MOUSSON TROPICALE
Faire la paix avec le passé
Un Britannique d’origine Vietnamienne, prénommé Kit, débarque à Saïgon tel un touriste, s’installant dans un bel appartement. Un peu perdu et incapable de parler la langue, il part en taxi-scooter à la recherche d’une adresse. Là, il tombe sur son ami d’enfance Lee, avec lequel il échange en anglais, évoquant de vieux souvenir, à l’âge de six ans, avant qu’il parte du pays avec ses parents…
Sortie le 20 juin 2022 sur QueerScreen
On avait beaucoup apprécié le long métrage précédent de Hong Khaou, "Lilting ou la délicatesse", où la barrière du langage et les différences culturelles étaient déjà présentes, entre la mère sino-cambodgienne en deuil de son fils, et le compagnon Britannique de celui-ci. Poussant le curseur un peu plus loin sur les mêmes thématiques, l'auteur situe cette fois-ci son action au Vietnam, entre Saïgon et Hanoï, où se rend un jeune Britannique ayant dû quitter le pays avec sa famille à l'âge de six ans, laissant derrière lui un ami fidèle (Lee) et un pays dont il ne sait plus rien.

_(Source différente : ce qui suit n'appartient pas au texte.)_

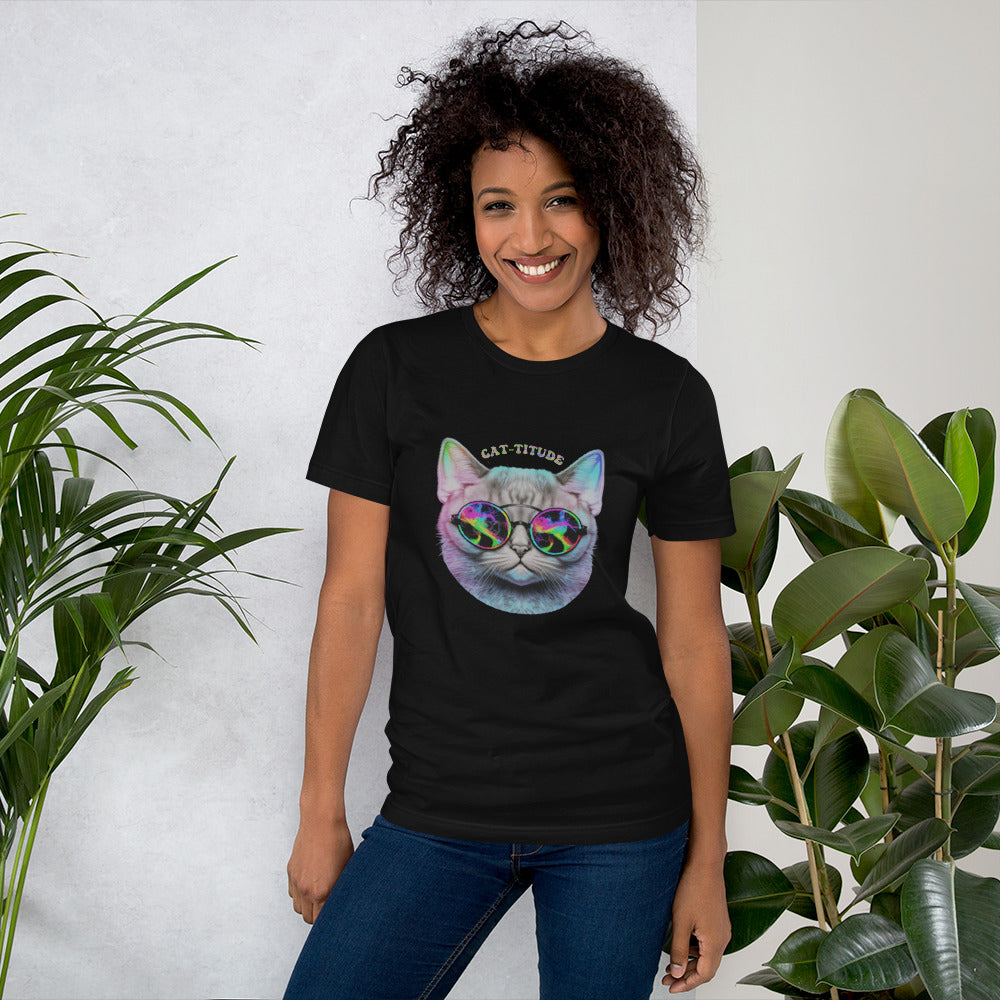 "Cat-Titude" T-Shirt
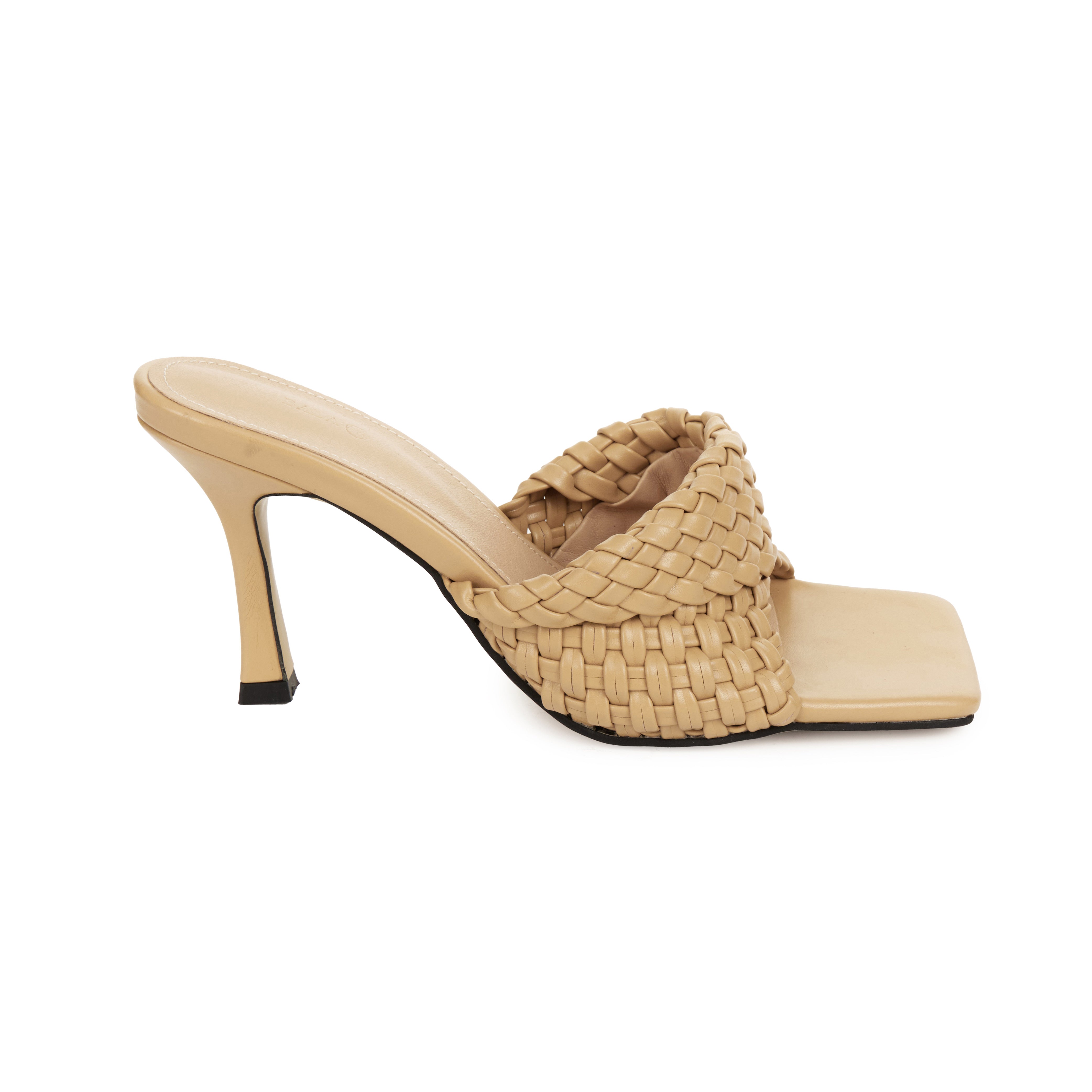 AR-3458 系带高跟穆勒鞋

Donnant à ressentir d'emblée cette barrière qui le sépare de ses origines, Hong Khaou donne à voir le contraste entre le caractère grouillant des rues (le premier plan est une vue zénithal sur un carrefour soudain envahi de deux roues...) et l'isolement de l'appartement dans lequel son personnage s'installe en touriste.
Puis vient la rencontre avec Lee et sa mère, la langue anglaise devenant rapidement une tâche honteuse, alors que l'on comprend que le départ de la famille de Kit fut soudain, blessant, et non sans conséquences, et que le jeune homme est capable de comprendre mais pas de parler le vietnamien. Alternant deux dialogues, avec cet ami perdu de vue et avec un noir Américain (Lewis) portant le poids de son père, ancien militaire, ce sont deux passés du pays qui sont évoqués, avec d’un côté la dictature communiste, au travers de la fuite de la famille de Kit après l'enfermement du père en camp de concentration, et de l’autre la guerre sans fin avec les États-Unis. Au milieu de reproches faits à demi-mots, de l'évocation du traumatisme des combats comme de l'exil, Hong Khaou insuffle quelques moments de douceur, autour de la relation naissante entre Kit et Lewis. Les scènes entre eux progressent au fil du métrage, vers cette paix qu'ils semblent tous deux rechercher, rajoutant au déjà intéressant discours d'ensemble, un message moderne sur l'honnêteté qui ajoute encore à la sincérité de "Mousson Tropicale" en tant que chronique douce-amère de la réconciliation.